… yep, that freaked me out too! But in my house, we have the Energizer Bunny version of the Festive Season: with all four of our birthdays falling like dominoes each month from October to January, and our Wedding Anniversary on Christmas Eve (not to mention a dozen or so birthdays in the extended family) the festivities just keep on going and going and going.
The best (and worst!) thing about this crazy time of year is planning the kid’s birthday parties. I love the baking and cake decorating, the planning and searching of the interwebs for party ideas. But I don’t do anything by halves! On party-eve, I’m always up at some ungodly hour of the morning, still working my magic on the sugar-and-food-colouring on chocolate-cake masterpiece that will become the birthday cake. Sometimes the magic is less than forth coming. Stressful? You bet! Rewarding? Absolutely!
With a just-turned-six-year-old, and a nearly-thirteen-year-old, I’ve had plenty of birthday parties to plan and pull off. But last year, for some reason, with the momentous occasion of the Young Lad’s 5th birthday looming (which was to be his first “proper” party, with friends from preschool and all the hoopla) I felt at a complete loss as to what to do. I’d never planned a party for little boys before. What do they do at a party?? I took home book after book on party games, party food, party themes, and of course party cakes. But the clock was ticking, and I still hadn’t figured out what to do-oo when (miracle of miracles) Step-by-step Kids’ Birthday Cakes fell into my hands.
I showed the Young Lad the Pirate Cake, and everything finally fell into place. Funnily enough, after all my angst, we ended up with pretty traditional games like pass the parcel, pin-the-tale (or in this case the treasure chest), and a treasure hunt (with actual pirate treasure – well, OK, cardboard pirate chests full of chocolate coins). The cake turned out pretty good, I reckon.
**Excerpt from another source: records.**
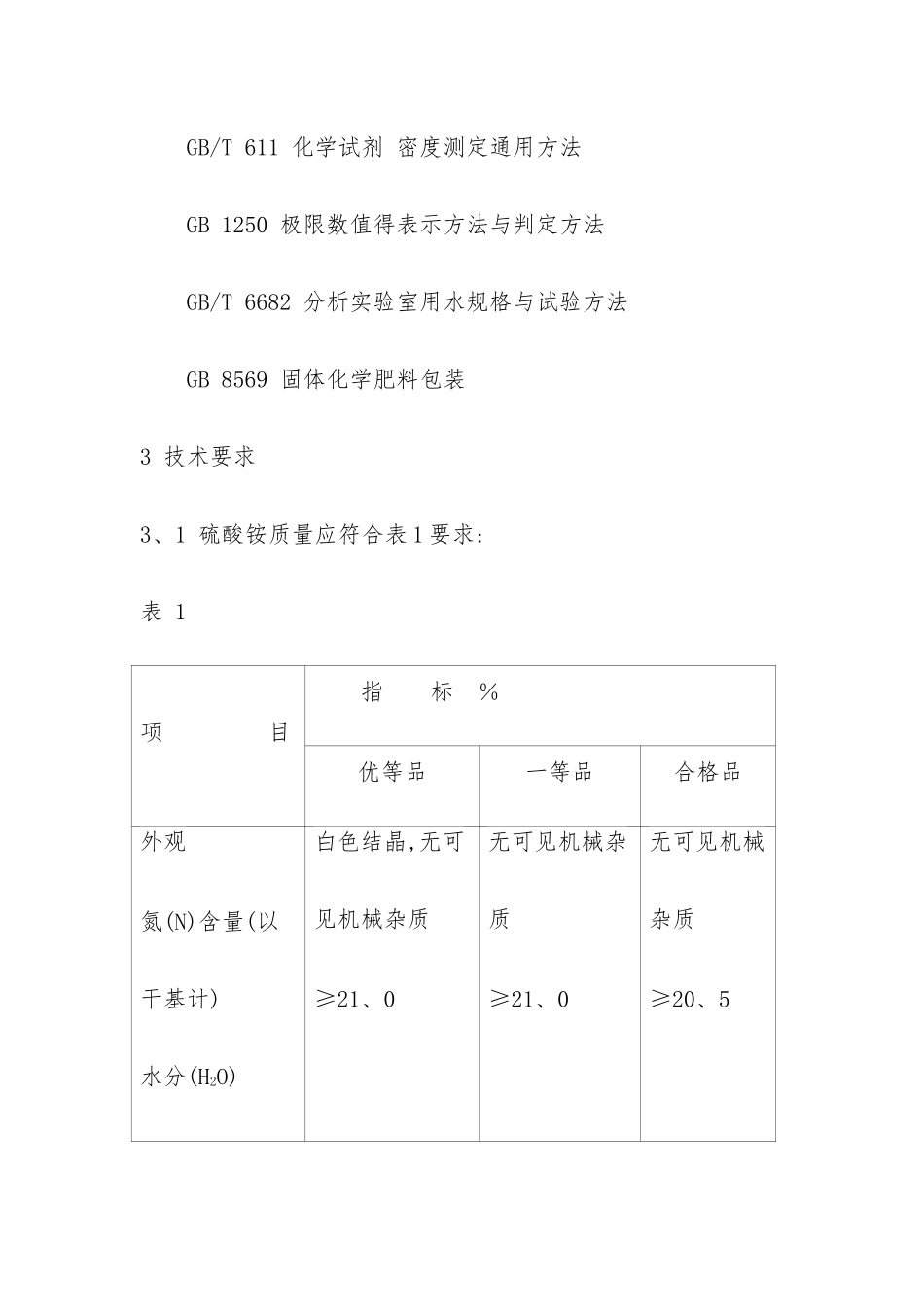 硫酸铵国家标准_第2页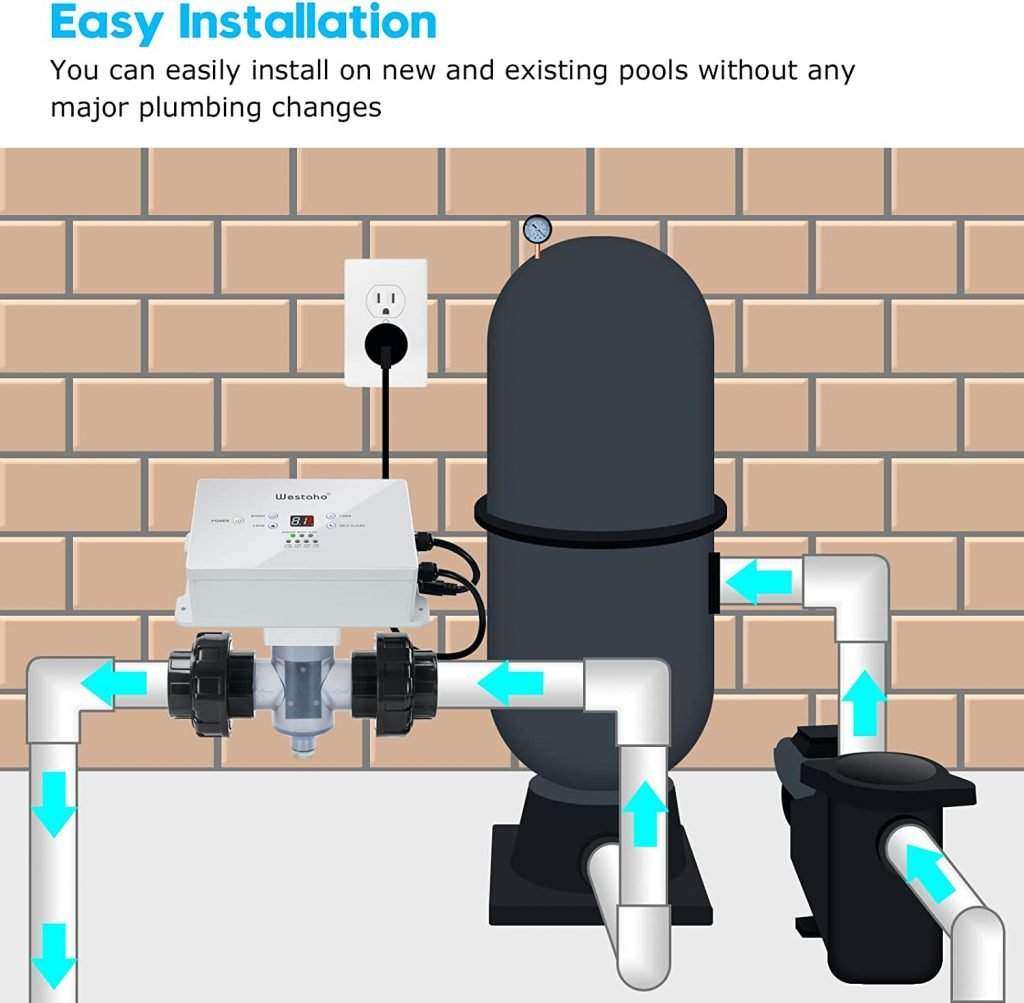 Westaho Salt Chlorination System for Sale online in USA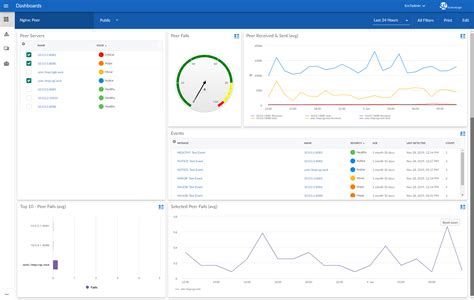 Nginx Open Source And Plus Sl1 Dashboards Powerpack Release Notes V102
I’ve certainly come a long way since Miss Missy’s third birthday, when she requested a Peppa Pig cake. I looked in horror at the amazing creations on the interwebs, and decided that I could probably pull off a picture of Peppa piped atop the cake. The midnight drama that year was the red icing for Peppa’s dress. I added more and more red colouring, the icing turned pinker and pinker, stubbornly refusing to turn red! Then I had an a-ha moment, added some chocolate icing, and came up with perfect Peppa red.
Since then, I’ve turned more to the library for inspiration, and have created my own versions of cakes from several of the books in the catalogue.
I love Debbie Brown’s books, the instructions are really easy to follow, and I’ve used quite a few of her designs now. I found the perfect cake for Missy Missy’s pony party in Debbie Brown’s 50 Easy Party Cakes. It really was easy! Honest! And it survived the near disaster of having the oven door slammed, which jarred the mane off one of the ponies (and I’d put it in the oven FOR SAFE KEEPING!)
The kids and I drooled over More Cakes for Kids and the Young Lad chose the fire engine cake. It turned out almost too good, because he was desperately upset when we cut it up and ate it!
This year’s wonderful discovery was Tamara Jane’s Celebration Cupcakes. I used her royal icing recipe to make Gingerbread Hulks, and her floodwork instructions to create superhero cupcake toppers. I had a lot of fun making them, but when the Young Lad saw the Hulks, he informed me “I can do it betterer than you, Mum!” and proceeded to amaze me with his piping skills. Our top tip from this year’s cakery is to use little zip-lock bags for piping the royal icing. That way, the icing stays where it should (inside the bag, not squirting out the back and all over your hands) and the icing stays nice and fresh, even while you wait for things to dry before adding more details. We just snipped the corner of the bags, but I imagine you could put a piping nozzle in it if you wanted to.
OK, I’ll admit it – this blog post was mostly an excuse to show off, and redeem myself after sharing the story of my culinary failures. But a little bit of shameless self-promotion is alright now and then, right?